Following revelations earlier this week that Chinese state-backed hackers breached the U.S. Treasury in early December, the Washington Post reported Wednesday that the hackers specifically targeted the Office of Foreign Assets Control. The attackers were seeking information about the office’s possible plans to approve Chinese entities. Additionally, Bloomberg Reported On Thursday, the attackers targeted the computers of senior Treasury officials, where they were able to access unclassified material. So far, investigators have identified about 100 computers allegedly compromised by the hackers. Sources told Bloomberg, however, that the attack was a crime of opportunity rather than a covert, long-term planned operation, like China’s recent intrusions into US telecom companies.
As China’s Treasury hack comes into focus, the impact of its infiltration of American telecommunications firms is still widening. Two days after Christmas, Anne Neuberger, the White House deputy national security adviser for cyber and emerging technologies, held a briefing with reporters in which she increased the number of telecoms breached by Chinese hackers known as Salt Typhoon from eight to nine. and suggested that at least some of the blame for these breaches lies with the companies’ own inadequate security. “The reality is, what we’re seeing in terms of the level of cyber security implemented in the telecom sector, those networks are not as defensible as they need to be to defend against a well-resourced, capable offensive cyber actor like China. is,” Neuberger said. He added that the hackers targeted the communication histories of fewer than 100 people—mostly in Washington, D.C., including reportedly President-elect Donald Trump and Vice President-elect J.D. Vance. Neuberger said the spying incident prompted calls for new Federal Communications Commission cybersecurity rules that she says would have limited the scope of the breaches if they had been enacted.

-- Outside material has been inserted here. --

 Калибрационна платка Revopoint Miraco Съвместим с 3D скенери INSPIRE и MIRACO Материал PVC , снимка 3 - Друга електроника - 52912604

Cars collect and transmit as much sensitive location data as any modern digital device, and the privacy pitfalls of all that tracking are becoming increasingly apparent. Case in point: A whistleblower alerted Germany’s Chaos Computer Club and the country’s Der Spiegel news outlet that a Volkswagen subsidiary, Carriad, had accessed one of the location data of 800,000 electric vehicles. The collection has been disclosed online. The leak involved not only cars sold by Volkswagen, but also other brands including Seats, Audi and Skoda. For Audi and Skoda, that location data was only accurate to within six miles, but Volkswagen and Seats cars could be located to within about four inches. The exposed data has since been secured, but the incident nonetheless shows how far automakers still have to go to rein in their data collection.